When you cache data before it reaches another cache, then you have multiple levels of cache. If you're using in-memory caching before your Redis cache, then the in-memory cache can be referred to as Level 1: https://en.wikipedia.org/wiki/CPU_cache#MULTILEVEL
So, if Redis is the slowest part of your app, then you're doing something right - and you can definitely speed it up further.
In-Memory Caching
At its simplest, when you use Redis, your code might look a little like this:
RedisValue redisValue = _cacheDatabase.StringGet(key);
if(redisValue.HasValue)
{
return redisValue;
}
else
{
string strValue = GetValueFromDataSource();
_cacheDatabase.StringSet(key, strValue);
return strValue;
}
And if you decided to introduce an in-memory cache (ie. a level 1 cache), it gets a little more complicated:
if (_memoryCache.ContainsKey(key))
{
return key;
}
else
{
RedisValue redisValue = _cacheDatabase.StringGet(key);
if (redisValue.HasValue)
{
_memoryCache.Add(key, redisValue);
return redisValue;
}
else
{
string strValue = GetValueFromDataSource();
_cacheDatabase.StringSet(key, strValue);
_memoryCache.Add(key, strValue);
return strValue;
}
}
Although this is not difficult to implement, things quickly get MUCH more complicated when we attempt to follow the same pattern for other Redis data types.

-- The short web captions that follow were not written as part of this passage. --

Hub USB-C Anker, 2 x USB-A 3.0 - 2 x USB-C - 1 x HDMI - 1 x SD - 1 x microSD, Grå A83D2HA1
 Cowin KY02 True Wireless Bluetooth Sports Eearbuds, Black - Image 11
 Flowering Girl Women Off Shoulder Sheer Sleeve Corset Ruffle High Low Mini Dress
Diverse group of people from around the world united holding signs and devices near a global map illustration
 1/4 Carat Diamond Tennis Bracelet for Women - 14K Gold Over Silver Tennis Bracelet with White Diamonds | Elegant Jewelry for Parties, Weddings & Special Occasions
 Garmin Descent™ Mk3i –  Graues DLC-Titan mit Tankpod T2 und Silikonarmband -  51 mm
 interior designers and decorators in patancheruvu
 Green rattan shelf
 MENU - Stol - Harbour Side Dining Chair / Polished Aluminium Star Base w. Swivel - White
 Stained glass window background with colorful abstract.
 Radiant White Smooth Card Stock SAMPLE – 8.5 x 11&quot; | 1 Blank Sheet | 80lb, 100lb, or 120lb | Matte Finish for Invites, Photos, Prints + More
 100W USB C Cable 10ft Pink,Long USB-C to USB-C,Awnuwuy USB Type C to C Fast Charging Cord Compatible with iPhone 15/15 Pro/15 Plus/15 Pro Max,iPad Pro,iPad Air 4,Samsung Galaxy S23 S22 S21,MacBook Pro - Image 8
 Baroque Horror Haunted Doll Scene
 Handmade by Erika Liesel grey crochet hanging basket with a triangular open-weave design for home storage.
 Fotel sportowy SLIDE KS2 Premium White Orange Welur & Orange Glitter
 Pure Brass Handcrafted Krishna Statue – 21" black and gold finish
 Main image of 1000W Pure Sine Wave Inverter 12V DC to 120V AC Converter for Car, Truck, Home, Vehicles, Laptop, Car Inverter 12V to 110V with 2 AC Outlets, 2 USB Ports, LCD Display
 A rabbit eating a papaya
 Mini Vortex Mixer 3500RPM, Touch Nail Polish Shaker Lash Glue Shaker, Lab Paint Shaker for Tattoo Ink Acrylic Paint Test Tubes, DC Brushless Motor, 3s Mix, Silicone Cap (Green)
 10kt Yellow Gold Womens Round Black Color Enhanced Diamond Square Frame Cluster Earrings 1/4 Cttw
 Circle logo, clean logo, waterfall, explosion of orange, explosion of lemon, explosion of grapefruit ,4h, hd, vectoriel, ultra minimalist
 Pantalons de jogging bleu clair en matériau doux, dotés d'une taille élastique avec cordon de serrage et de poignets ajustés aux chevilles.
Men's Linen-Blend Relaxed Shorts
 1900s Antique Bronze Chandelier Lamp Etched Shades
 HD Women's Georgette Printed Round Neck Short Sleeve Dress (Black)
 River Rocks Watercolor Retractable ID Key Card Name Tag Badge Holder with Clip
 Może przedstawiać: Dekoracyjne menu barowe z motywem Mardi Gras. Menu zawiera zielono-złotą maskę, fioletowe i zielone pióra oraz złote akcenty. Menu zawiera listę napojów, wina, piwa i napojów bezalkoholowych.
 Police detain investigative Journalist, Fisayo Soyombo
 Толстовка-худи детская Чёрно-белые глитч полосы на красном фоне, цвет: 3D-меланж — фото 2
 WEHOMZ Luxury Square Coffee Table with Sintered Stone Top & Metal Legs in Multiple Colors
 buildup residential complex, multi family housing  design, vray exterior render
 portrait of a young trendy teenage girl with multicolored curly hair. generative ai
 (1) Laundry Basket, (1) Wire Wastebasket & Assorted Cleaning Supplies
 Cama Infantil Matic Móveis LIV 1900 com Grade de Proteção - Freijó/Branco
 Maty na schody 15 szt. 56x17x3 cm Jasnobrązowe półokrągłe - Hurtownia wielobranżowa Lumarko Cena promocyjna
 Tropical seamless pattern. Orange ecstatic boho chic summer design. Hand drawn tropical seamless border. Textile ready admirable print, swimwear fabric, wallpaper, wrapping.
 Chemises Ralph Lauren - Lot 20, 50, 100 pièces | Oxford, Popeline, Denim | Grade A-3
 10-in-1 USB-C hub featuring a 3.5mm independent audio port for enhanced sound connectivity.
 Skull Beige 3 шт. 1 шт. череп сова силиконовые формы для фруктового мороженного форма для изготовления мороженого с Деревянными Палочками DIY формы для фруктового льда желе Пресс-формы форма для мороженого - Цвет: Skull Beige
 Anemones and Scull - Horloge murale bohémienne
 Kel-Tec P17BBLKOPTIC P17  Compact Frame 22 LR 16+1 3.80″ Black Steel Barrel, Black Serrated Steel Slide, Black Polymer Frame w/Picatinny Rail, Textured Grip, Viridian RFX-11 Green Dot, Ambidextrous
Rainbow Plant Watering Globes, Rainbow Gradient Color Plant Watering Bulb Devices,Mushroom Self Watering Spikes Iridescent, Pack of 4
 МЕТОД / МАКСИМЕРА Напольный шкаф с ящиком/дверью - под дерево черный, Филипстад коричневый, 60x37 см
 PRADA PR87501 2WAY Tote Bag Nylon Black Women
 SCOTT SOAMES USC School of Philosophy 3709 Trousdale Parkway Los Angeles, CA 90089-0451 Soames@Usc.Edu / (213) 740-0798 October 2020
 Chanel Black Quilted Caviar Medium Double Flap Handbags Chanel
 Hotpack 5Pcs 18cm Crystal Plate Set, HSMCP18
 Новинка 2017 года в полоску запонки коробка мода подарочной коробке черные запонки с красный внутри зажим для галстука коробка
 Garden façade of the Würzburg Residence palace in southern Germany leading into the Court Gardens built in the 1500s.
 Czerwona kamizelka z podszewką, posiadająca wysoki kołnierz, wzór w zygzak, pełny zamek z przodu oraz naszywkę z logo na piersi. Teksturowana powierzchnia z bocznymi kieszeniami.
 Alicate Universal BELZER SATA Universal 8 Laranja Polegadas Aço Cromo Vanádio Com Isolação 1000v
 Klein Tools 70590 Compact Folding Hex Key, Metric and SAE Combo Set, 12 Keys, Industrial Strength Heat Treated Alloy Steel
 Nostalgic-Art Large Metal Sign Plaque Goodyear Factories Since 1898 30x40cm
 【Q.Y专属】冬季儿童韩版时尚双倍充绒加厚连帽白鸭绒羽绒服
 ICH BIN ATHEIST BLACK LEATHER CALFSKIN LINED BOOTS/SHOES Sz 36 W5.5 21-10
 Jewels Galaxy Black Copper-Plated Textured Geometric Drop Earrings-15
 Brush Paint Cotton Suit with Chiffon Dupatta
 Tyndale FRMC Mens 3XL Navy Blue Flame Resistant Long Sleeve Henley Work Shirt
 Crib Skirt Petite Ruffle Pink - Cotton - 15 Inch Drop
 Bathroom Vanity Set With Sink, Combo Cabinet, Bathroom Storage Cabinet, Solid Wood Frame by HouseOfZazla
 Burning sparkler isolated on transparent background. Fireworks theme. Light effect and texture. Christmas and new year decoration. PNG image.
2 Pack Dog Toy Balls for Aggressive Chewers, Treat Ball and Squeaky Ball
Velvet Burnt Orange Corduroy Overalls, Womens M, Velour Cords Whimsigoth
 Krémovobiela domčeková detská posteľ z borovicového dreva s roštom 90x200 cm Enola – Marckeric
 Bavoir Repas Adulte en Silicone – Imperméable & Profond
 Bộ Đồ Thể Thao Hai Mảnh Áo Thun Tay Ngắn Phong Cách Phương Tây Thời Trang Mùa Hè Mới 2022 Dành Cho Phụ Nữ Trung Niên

In addition we are faced with the following issues:
- Redis allows us to operate on the data via functions such as StringAppend. In this case, we need to invalidate the in-memory item.
- When a key is deleted via KeyDelete, it needs to be removed from the in-memory cache.
- Another client may update or delete a value. In this case, the in-memory value on our client would be outdated.
- When a key expires, it needs to be removed from the in-memory cache.
Now, StackExchange.Redis data access and update methods are defined on the IDatabase interface. So, what if we wrote a custom IDatabase implementation to handle all of the situations outlined above? In this case, we could solve all of the above problems:
- StringAppend - in this trivial example, we'd append to the in-memory string, then pass the same operation to redis. For more complex data manipulation operations, we'd delete the in-memory key.
- KeyDelete, KeyExpire etc - deletes the in-memory data
- Operations via another client - Redis keyspace notifications are handled to detect that data has changed elsewhere, and is invalidated appropriately
The real beauty of this approach is of course that the same interface is implemented - the same interface you're already using - so you don't need to make *any* code changes to use this L1 caching solution.
Architecture
Here's the solution I've gone for. The important elements are:
Static MemoryCache Register
This means you can create new instances of RedisL1Database - passing in the Redis IDatabase instance you already have - and it'll continue to use any in-memory cache it had created previously for that database.
Notifications Layer
- NotificationDatabase - this publishes custom keyspace events which are required to keep any in-memory caches up-to-date. Redis out-of-the-box keyspace notifications on their own are not sufficient as they don't generally provide enough information to invalidate the correct parts of the memory cache. For example, if you delete a Hash key, you get a HDEL notification that tells you which hash had a key deleted. But, it doesn't tell you which element of the hash it was! The custom events include information on the actual hash element itself.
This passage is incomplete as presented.